Experiences Accelerating MATLAB Systems Biology Applications Heart Wall Tracking Lukasz Szafaryn, Kevin Skadron University of Virginia.

Slides:

Advertisements

Similar presentations

Prasanna Pandit R. Govindarajan

Advertisements

1 A GPU Accelerated Storage System NetSysLab The University of British Columbia Abdullah Gharaibeh with: Samer Al-Kiswany Sathish Gopalakrishnan Matei.

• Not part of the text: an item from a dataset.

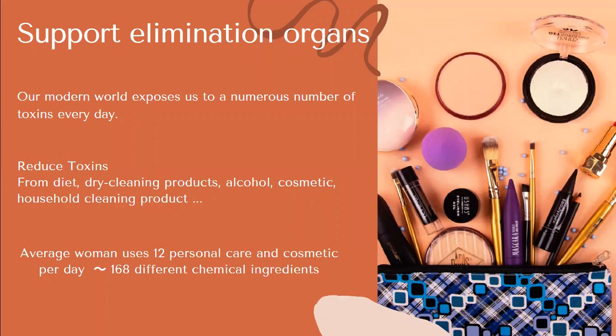Supporting the elimination organs is key for our body because they help us metabolize and eliminate toxins. We are exposed to a huge number of toxins every day — through the air we breathe, the water we drink, the food we eat, the clothes we wear, the cosmetics we put on our face, and household cleaning products. As an example: on average, a woman uses 12 personal care and cosmetic products per day, meaning 168 different chemical ingredients per day. That is a lot of toxin, just from cosmetics alone.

Exploiting Graphics Processors for High- performance IP Lookup in Software Routers Author: Jin Zhao, Xinya Zhang, Xin Wang, Yangdong Deng, Xiaoming Fu.

CPU & GPU Parallelization of Scrabble Word Searching Jonathan Wheeler Yifan Zhou.

University of Michigan Electrical Engineering and Computer Science Transparent CPU-GPU Collaboration for Data-Parallel Kernels on Heterogeneous Systems.

A Scalable Heterogeneous Parallelization Framework for Iterative Local Searches Martin Burtscher 1 and Hassan Rabeti 2 1 Department of Computer Science,

Acceleration of the Smith– Waterman algorithm using single and multiple graphics processors Author : Ali Khajeh-Saeed, Stephen Poole, J. Blair Perot. Publisher:

2009/04/07 Yun-Yang Ma.  Overview  What is CUDA ◦ Architecture ◦ Programming Model ◦ Memory Model  H.264 Motion Estimation on CUDA ◦ Method ◦ Experimental.

Software Language Levels Machine Language (Binary) Assembly Language –Assembler converts Assembly into machine High Level Languages (C, Perl, Shell)

CUDA Programming Lei Zhou, Yafeng Yin, Yanzhi Ren, Hong Man, Yingying Chen.

A Performance and Energy Comparison of FPGAs, GPUs, and Multicores for Sliding-Window Applications From J. Fowers, G. Brown, P. Cooke, and G. Stitt, University.

Energy-Efficient Query Processing on Embedded CPU-GPU Architectures Xuntao Cheng, Bingsheng He, Chiew Tong Lau Nanyang Technological University, Singapore.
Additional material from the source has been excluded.